My farm is named for the glorious second round of color that we get each year.  The maples, aspen and birches have their blaze of color here near the end of September each year.  Things might be pretty colorless and dismal after that, but we are blessed with the golden hue that the tamaracks (larches) take on a couple weeks later.  Sunshine is rare and eagerly anticipated during this time and when it does shine the golden tamaracks are so bright they are hard to look at.  I put on my sunglasses and gaze away!Image

This photo shows the tamaracks in all their glory.  The foreground includes the sheep fellas on the farm.  The tall dark and handsome guy is Hemlock.  He arrived here from Hidden Valley Farm back in early September.  He will be meeting our ewes Hoglah, Mahlah, Noah, Micah and Tirzah in just a couple weeks.  We’re looking for May lambs so they can comfortably be born and raised on pasture.

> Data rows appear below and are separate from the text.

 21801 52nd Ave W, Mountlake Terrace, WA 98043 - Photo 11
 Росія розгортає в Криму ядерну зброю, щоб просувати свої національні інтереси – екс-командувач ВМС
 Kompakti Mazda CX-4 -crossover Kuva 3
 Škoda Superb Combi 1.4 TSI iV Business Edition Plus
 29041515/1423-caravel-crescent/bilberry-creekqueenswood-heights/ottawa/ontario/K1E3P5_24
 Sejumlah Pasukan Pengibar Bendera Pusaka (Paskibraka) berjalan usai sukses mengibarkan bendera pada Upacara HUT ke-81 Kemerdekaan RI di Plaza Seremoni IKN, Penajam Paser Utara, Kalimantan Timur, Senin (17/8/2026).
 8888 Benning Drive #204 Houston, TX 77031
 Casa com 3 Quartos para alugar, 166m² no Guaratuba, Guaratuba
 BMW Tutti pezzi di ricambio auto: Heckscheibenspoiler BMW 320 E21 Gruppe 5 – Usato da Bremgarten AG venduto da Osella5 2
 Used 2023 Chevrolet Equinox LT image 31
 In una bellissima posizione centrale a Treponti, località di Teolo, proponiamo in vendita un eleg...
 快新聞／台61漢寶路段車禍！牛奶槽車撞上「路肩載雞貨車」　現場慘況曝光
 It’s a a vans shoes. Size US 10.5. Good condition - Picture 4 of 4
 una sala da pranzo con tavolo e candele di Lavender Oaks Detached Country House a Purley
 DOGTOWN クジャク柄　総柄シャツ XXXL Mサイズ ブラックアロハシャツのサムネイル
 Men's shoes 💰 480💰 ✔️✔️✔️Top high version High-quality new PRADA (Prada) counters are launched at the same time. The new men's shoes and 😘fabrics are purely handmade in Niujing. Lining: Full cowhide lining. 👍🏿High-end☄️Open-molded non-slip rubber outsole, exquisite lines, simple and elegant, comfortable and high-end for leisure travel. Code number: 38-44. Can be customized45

As I write this, tonight, we’re in a deep freeze.  I think we had a high of 12 or 13 degrees Fahrenheit today.  And we have 6″ or so of snow on the ground.  Winter is definitely here in a big way.  We did get a good dose of that blessed sunshine today, though.  Lovely to look at from inside, but I did stick my nose out a few times to keep all the critters fed and watered.